RECORDS TO USE:
◇ ◇ ◇ ◇ ◇ ◇ ◇
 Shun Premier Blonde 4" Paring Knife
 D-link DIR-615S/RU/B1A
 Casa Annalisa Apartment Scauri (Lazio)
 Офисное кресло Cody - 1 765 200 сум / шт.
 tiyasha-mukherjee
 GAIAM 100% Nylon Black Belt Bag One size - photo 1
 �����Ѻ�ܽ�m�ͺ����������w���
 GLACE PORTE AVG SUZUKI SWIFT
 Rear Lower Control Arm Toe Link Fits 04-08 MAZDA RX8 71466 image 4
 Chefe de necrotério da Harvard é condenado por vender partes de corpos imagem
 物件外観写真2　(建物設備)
◇ ◇ ◇ ◇ ◇ ◇ ◇
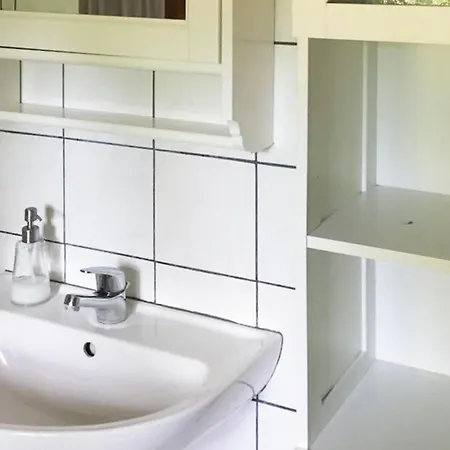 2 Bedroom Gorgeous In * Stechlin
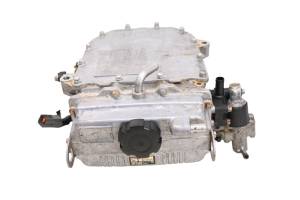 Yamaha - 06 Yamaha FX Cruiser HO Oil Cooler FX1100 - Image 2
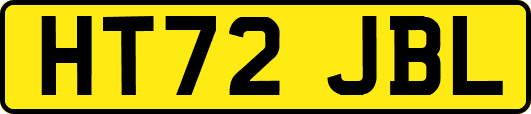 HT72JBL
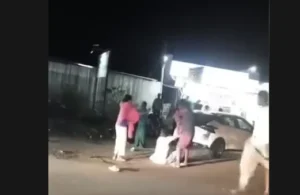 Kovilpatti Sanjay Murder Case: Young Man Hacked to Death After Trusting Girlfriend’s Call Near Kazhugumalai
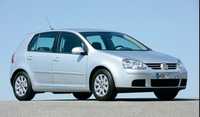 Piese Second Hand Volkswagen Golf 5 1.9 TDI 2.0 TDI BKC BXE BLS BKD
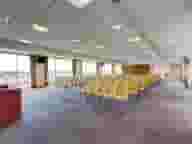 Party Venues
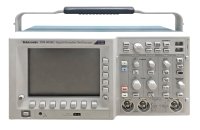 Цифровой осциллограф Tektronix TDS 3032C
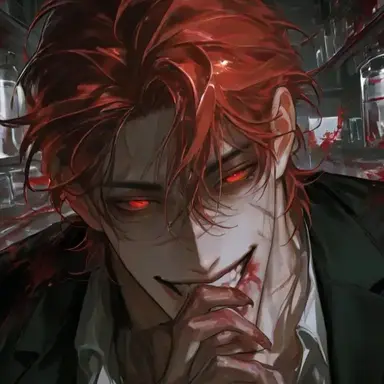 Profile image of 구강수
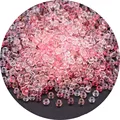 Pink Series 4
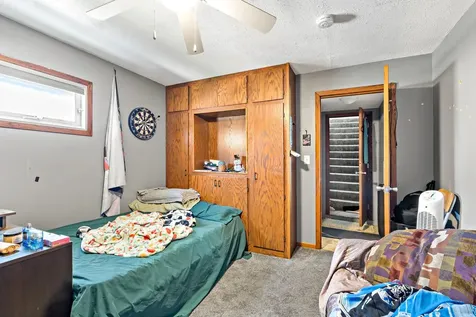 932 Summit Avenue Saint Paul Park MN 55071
◇ ◇ ◇ ◇ ◇ ◇ ◇
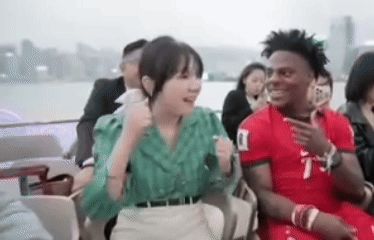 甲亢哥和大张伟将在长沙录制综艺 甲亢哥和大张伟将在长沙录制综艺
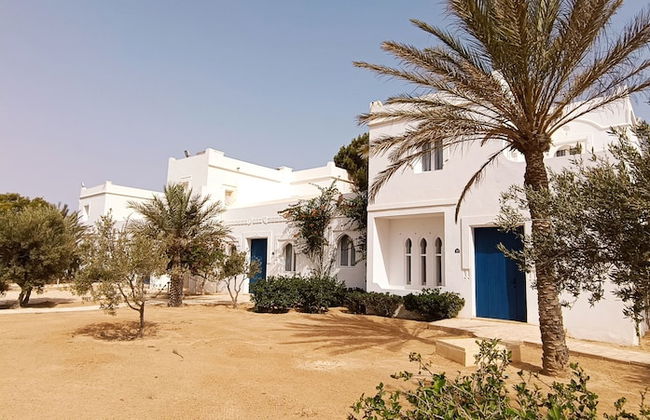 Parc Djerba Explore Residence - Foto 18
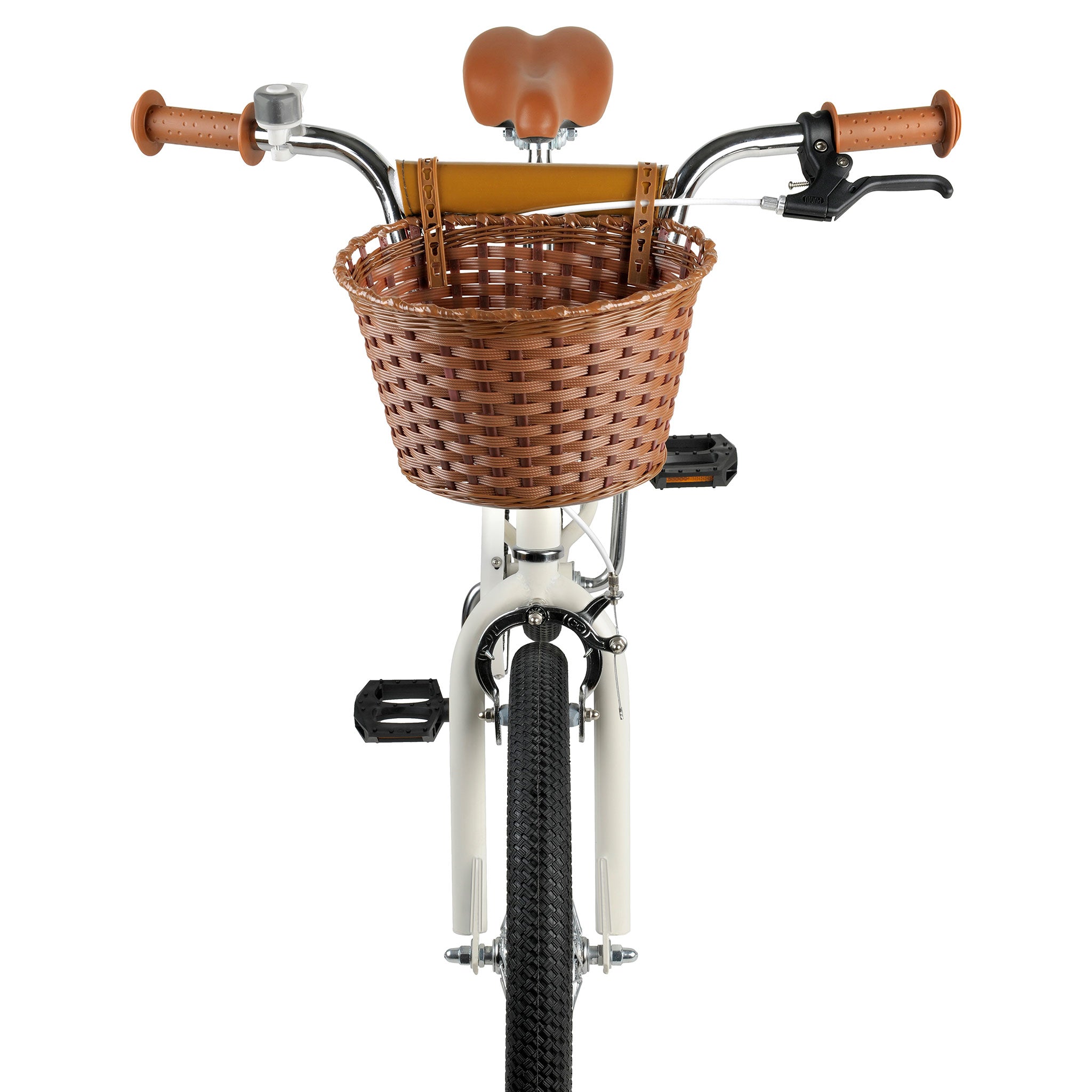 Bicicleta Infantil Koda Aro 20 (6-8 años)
◇ ◇ ◇ ◇ ◇ ◇ ◇
EXERCISE BRIEF: Repeat exactly the lines of the listing above, from the one with "tiyasha-mukherjee" down to the one with "物件外観写真2　(建物設備)"; both of those lines belong in the range.

ANSWER SECTION:
 tiyasha-mukherjee
 GAIAM 100% Nylon Black Belt Bag One size - photo 1
 �����Ѻ�ܽ�m�ͺ����������w���
 GLACE PORTE AVG SUZUKI SWIFT
 Rear Lower Control Arm Toe Link Fits 04-08 MAZDA RX8 71466 image 4
 Chefe de necrotério da Harvard é condenado por vender partes de corpos imagem
 物件外観写真2　(建物設備)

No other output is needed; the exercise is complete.